A nivel normativo, el Perú ha dado un gran paso con algunos cambios recientes. El 8 de noviembre de 2016, el Tribunal Constitucional del Perú publicó la sentencia N° 06040-2015-PA/TC, conocida como el caso Romero Saldarriaga[13], en la que se habilita la posibilidad de las personas a cambiar su nombre y sexo su documento de identidad. Esta sentencia marca un precedente para garantizar que las personas trans puedan solicitar la modificación de sus datos, tanto del nombre como el sexo, en todos sus documentos de identidad. Además, señala que la cirugía de reasignación (o reafirmación) de sexo no es indispensable para el reconocimiento de esta petición, ya que, por un lado, esta solo debe obedecer a la decisión de la persona, y por otro, requiere de cierta solvencia económica para enfrentar la duración del tratamiento, lo que contradice el mandato de la no discriminación (TCP 2016:29). Esta sentencia, a pesar de que no tiene la capacidad legislativa para que este se vuelva un proceso administrativo llevado por la RENIEC, en lugar de tener que pedirse por las vías judiciales a partir de peticiones al Tribunal Constitucional, es un primer paso para reafirmar los derechos de la población trans en el país que han sido vulnerados por el no reconocimiento jurídico de su persona.

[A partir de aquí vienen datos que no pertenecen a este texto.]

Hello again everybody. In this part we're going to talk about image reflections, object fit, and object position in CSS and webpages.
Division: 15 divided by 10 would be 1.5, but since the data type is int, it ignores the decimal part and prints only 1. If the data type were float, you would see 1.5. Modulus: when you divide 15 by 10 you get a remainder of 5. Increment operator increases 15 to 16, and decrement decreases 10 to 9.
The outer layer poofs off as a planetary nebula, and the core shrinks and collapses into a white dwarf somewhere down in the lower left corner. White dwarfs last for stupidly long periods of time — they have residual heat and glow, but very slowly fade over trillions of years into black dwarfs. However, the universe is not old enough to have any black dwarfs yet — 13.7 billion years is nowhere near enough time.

*Escribe: Ariana Jaúregui, integrante del área de Académica y de Investigaciones del Idehpucp. 


[1] De acuerdo al Informe de la Comisión Interamericana de Derechos Humanos “Orientación Sexual, Identidad de Género y Expresión de Género: Algunos términos y estándares relevantes”, el término trans es denominado como la no conformidad entre el sexo biológico de la persona y la identidad de género que ha sido tradicionalmente asignada a éste. Una persona trans puede construir su identidad de género independientemente de intervenciones quirúrgicas o tratamientos médicos” (2012: párrafo 19). Es utilizado como término paraguas que incluye a la población transgénero y transexual.

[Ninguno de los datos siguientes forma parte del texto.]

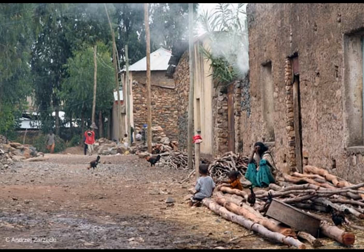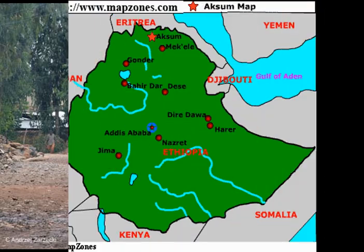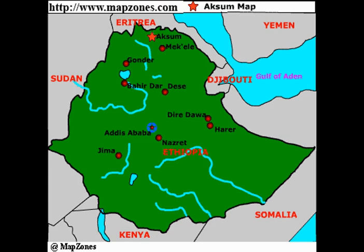The introduction of the camel to the Sahara brought major changes around 100 BCE. Caravans were able to cross the desert, carrying gold, ivory, gum, spices, and slaves. Trading towns became established in West Africa.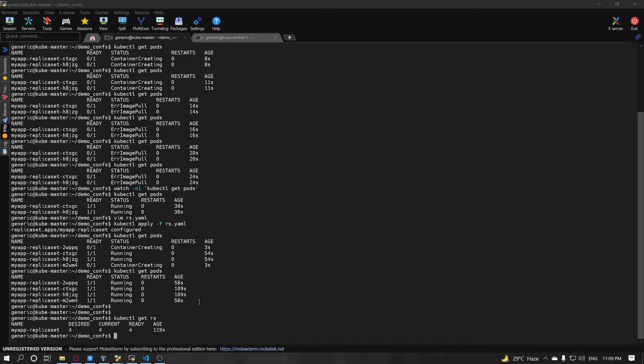So far we have covered the pod configuration, how to write the YAML files, and we have also came to know about the replica set. Since this video is going long, we will cover the deployment and services in the next video. Thanks everyone for watching this video. If you think that this has helped you, please feel free to like and subscribe. Thank you. Signing off.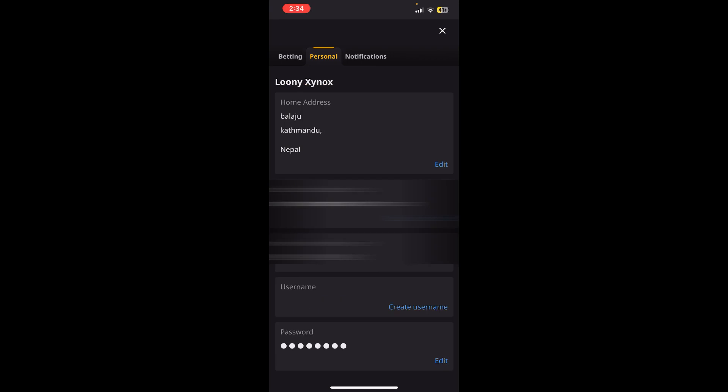Now you'll be able to see the Password option just down below on your screen. Don't forget you'll find the Edit option just right side of the Password option. Once you tap on it, you simply need to verify yourself and you will be able to change your password successfully. So basically this is how you can change your password on Betfair.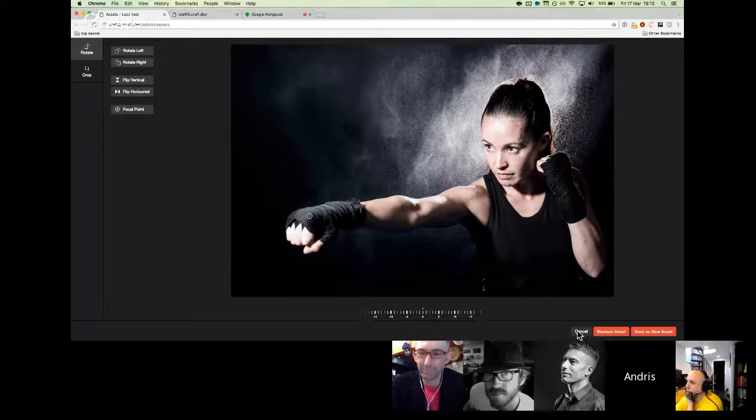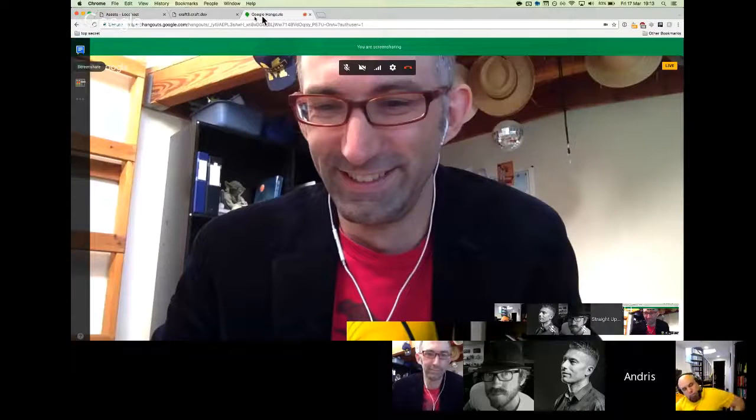Andris stops sharing his screen after the nerve-wracking demo. As Andrew noted, this feature is really focused toward content editors, and it also makes developer life easier — developers don't have to worry about transforms not working well for certain images. In a lot of cases it also means you no longer need to set up multiple asset fields, like one for mobile and one for desktop, because it can be smart enough to pick the part of the image that looks good on both.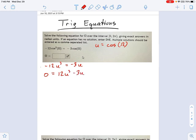I'm going to move the 12u cubed over to the other side by adding it to both sides. Now we start factoring. I see a GCF of 3, and I see a GCF of u. What's left? I'm going to have 4u squared minus 1.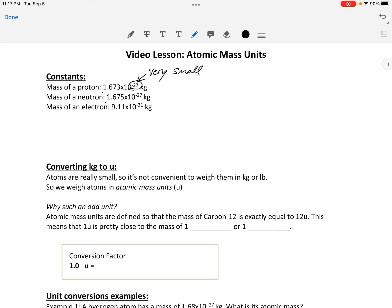The next thing to notice is how similar the proton and neutron masses are. Those numbers are almost exactly the same — they're both times 10 to the negative 27 and only differ in that fourth digit. So protons and neutrons are almost exactly the same size, which is kind of cool.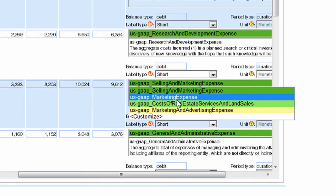In the case that the tag you need is not found within the drop-down menu, you can search for a tag within the US GAAP taxonomy.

[2] Corte IDH. “Identidad de género, e igualdad y no discriminación a parejas del mismo sexo. Obligaciones estatales en relación con el cambio de nombre, la identidad de género, y los derechos derivados de un vínculo entre parejas del mismo sexo (interpretación y alcance de los artículos 1.1, 3, 7, 11.2, 13, 17, 18 y 24, en relación con el artículo 1 de la Convención Americana sobre Derechos Humanos)”. Opinión Consultiva OC-24/17 de 24 de noviembre de 2017. Serie A No. 24.

[3] Ibíd, supra párr. 90

[4] Ibíd, supra párr. 101

[5] Ibíd, supra párr. 94

[6] Ibíd, supra párr. 108

[7] Ibíd, supra párr. 115

[8] Ibíd, supra párr. 103

[9] Ibíd, supra párr. 144

[10] Ibíd, supra párr. 159

[11] Ibíd, supra párr. 130

[12] Defensoría del Pueblo (2016). Derechos humanos de las personas LGBTI: Necesidad de una política pública para la igualdad en el Perú (Informe Defensorial N° 175). Lima: Defensoría del Pueblo.